What the task requires:
Please give back, word for word, each line from the start of the entries through the one in which "Tripura state cooperative new vacancy 2023" is found.

Record extracts:
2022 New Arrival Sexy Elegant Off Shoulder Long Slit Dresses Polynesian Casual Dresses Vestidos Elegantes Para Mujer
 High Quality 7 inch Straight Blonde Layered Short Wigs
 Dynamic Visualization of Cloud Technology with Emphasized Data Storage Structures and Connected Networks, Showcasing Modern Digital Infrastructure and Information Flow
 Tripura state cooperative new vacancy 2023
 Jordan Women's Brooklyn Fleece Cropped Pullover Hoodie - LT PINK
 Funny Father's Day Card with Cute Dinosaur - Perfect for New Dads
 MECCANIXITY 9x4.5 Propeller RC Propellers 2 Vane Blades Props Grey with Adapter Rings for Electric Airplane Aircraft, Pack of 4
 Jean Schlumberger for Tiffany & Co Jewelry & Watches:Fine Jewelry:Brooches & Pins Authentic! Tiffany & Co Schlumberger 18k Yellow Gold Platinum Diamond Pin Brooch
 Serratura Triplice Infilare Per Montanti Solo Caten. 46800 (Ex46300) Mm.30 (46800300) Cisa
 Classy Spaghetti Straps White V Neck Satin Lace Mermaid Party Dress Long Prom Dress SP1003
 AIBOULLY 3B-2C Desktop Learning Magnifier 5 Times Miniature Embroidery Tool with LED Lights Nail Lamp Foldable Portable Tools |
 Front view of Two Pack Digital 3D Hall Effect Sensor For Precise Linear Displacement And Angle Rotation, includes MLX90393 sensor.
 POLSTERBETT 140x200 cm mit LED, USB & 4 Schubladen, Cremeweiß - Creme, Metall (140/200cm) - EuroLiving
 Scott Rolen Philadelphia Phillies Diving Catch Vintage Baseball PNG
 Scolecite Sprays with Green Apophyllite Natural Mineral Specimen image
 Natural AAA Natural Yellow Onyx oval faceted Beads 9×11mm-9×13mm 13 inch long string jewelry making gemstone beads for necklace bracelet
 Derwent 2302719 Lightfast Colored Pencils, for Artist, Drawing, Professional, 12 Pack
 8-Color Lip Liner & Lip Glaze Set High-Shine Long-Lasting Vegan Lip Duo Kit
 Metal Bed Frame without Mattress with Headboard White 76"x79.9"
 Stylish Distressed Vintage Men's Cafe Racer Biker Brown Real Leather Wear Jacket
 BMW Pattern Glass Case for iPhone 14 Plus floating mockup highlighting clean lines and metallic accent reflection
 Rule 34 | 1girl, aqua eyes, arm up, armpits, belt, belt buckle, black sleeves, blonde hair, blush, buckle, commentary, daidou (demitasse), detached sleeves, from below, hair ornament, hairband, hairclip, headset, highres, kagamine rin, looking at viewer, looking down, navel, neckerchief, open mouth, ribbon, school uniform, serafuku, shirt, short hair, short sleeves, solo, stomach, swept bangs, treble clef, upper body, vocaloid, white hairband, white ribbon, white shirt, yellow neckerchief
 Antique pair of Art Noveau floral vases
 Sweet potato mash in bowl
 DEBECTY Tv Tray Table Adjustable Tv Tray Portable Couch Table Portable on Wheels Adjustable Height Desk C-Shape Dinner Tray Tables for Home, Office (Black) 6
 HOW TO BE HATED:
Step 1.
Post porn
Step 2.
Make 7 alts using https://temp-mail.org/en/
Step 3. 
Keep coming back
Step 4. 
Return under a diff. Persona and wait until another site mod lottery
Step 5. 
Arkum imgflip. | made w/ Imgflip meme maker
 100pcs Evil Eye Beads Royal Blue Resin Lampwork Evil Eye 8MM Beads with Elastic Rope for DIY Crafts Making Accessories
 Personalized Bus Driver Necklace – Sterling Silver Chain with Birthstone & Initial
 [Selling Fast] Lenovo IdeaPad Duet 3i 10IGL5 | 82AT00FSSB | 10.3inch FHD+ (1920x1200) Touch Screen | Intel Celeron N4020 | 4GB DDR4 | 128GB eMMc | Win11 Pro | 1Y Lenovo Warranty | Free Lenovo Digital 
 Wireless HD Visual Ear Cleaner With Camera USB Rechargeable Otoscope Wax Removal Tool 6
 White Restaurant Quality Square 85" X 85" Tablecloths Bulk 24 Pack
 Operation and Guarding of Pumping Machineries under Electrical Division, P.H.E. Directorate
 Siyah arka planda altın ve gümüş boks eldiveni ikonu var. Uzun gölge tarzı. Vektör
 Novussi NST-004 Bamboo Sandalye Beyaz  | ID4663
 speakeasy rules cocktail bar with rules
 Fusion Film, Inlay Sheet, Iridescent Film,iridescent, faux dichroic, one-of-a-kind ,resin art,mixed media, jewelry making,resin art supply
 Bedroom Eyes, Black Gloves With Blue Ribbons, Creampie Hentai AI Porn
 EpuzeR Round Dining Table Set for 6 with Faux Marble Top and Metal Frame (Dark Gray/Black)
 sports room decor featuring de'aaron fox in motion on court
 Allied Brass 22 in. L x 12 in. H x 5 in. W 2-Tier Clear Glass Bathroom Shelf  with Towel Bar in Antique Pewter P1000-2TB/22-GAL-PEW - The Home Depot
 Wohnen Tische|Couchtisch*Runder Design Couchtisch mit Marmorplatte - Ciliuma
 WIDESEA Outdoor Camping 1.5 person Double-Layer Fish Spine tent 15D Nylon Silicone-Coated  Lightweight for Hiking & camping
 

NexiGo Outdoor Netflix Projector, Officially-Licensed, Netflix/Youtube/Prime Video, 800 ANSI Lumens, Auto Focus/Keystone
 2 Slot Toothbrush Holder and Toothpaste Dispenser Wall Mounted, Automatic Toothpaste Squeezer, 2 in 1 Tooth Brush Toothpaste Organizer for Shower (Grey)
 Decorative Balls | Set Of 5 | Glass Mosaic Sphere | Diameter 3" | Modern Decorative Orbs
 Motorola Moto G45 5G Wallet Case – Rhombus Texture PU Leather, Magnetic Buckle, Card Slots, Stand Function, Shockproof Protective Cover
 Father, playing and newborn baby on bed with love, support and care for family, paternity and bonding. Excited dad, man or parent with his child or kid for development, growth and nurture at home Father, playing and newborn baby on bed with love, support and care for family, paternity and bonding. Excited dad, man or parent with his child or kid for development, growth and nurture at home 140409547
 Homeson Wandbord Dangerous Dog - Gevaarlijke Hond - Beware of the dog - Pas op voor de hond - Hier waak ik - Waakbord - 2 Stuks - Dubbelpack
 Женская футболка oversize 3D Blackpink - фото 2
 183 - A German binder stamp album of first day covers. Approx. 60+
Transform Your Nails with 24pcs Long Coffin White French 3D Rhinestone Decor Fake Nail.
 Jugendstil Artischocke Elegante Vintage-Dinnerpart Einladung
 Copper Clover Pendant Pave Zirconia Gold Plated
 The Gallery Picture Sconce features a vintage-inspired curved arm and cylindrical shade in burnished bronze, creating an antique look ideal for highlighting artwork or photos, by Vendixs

Response to this exercise:
2022 New Arrival Sexy Elegant Off Shoulder Long Slit Dresses Polynesian Casual Dresses Vestidos Elegantes Para Mujer
 High Quality 7 inch Straight Blonde Layered Short Wigs
 Dynamic Visualization of Cloud Technology with Emphasized Data Storage Structures and Connected Networks, Showcasing Modern Digital Infrastructure and Information Flow
 Tripura state cooperative new vacancy 2023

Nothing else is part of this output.